A concise, insight-first exploration of a books dataset—covering inventory, authorship, categories, publication trends, and reader engagement. The notebook answers the following:


![Alt text for the image](https://images.ctfassets.net/fi0zmnwlsnja/5kamkNPoauwtkBjgpl2jJW/d90b3d7716227313423422f01bde001c/viz-libraries-07.png?w=1296&h=810&q=50&fm=webp)
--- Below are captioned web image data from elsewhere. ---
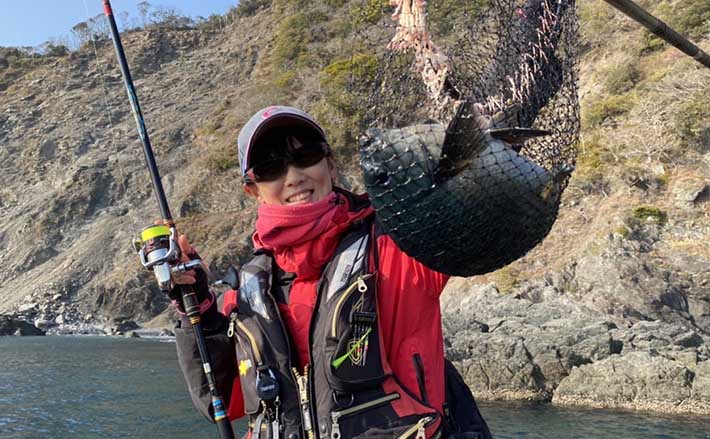 磯フカセ釣りで40cm級クロに良型イサキ好捕　勘を信じた移動が的中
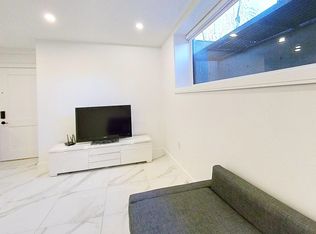 1611 Angelo Ave, Pt Coquitlam, BC V3B1C8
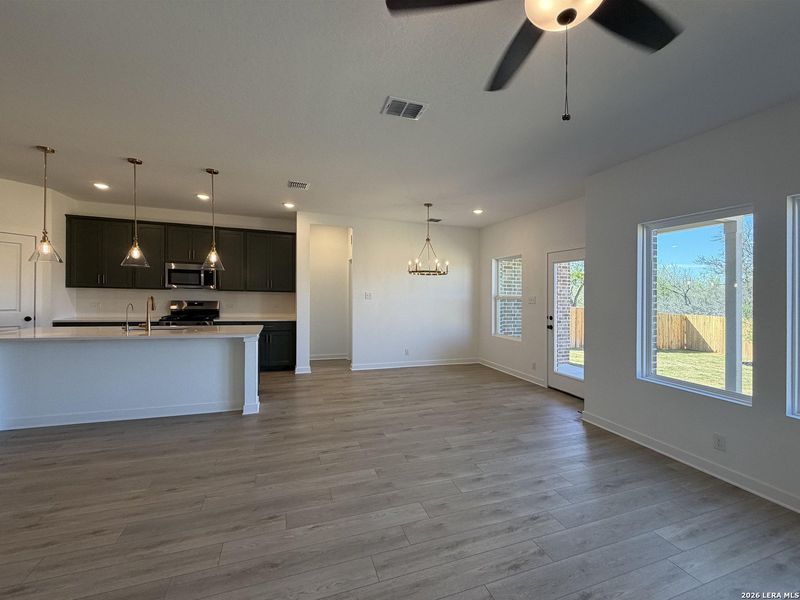 Spacious, unfurnished interior of a new home in Nopal Valley, San Antonio (Image 22).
## Objectives (Clear Questions)
1. Total number of books.
2. Top 25 categories by book count.
3. Top 25 authors by number of books published.
4. Yearly trend in books published (earliest → latest).
5. Top 25 most common book titles.
6. Top 25 authors by total pages written.
7. Top 25 books by “want_to_read”.
8. Top 25 books by “currently_reading”.
9. Top 25 books by “have_read”.
10. Top 25 authors by “want_to_read”, “currently_reading”, and “have_read”.

---



## Data Preview (5 rows)

| title                                               | author                    | category      | publish_year             | reading_stats                                     |
|-----------------------------------------------------|---------------------------|---------------|--------------------------|---------------------------------------------------|
| Grasping the Changing World                         | Vaclav Hubinger           | anthropology  | First published in 2002  | 0 Want to read \| 0 Currently reading \| 0 Have read |
| Design Anthropology in Context                      | Adam Drazin               | anthropology  | First published in 2020  | 0 Want to read \| 0 Currently reading \| 0 Have read |
| Transculture, Société et Savoirs Dans les Amériques | Adina Balint              | anthropology  | First published in 2017  | 0 Want to read \| 0 Currently reading \| 0 Have read |
| Methods and Data Analysis for Cross-Cultural R...   | Fons J. R. van de Vijver  | anthropology  | First published in 2021  | 0 Want to read \| 0 Currently reading \| 0 Have read |
| Redefining Nature                                   | R. F. Ellen               | anthropology  | First published in 2021  | 0 Want to read \| 0 Currently reading \| 0 Have read |

---

### 1. Importing Libraries & Data Loading

In [1]:
!git clone https://github.com/AshishJangra27/datasets

import os
import numpy as np
import pandas as pd
from tqdm.auto import tqdm

data = pd.DataFrame()

for file in tqdm(os.listdir('/content/datasets/OpenBook')):

  file_path = '/content/datasets/OpenBook/' + file
  df = pd.read_csv(file_path)
  data = pd.concat([data, df], ignore_index=True)

data.head()

Cloning into 'datasets'...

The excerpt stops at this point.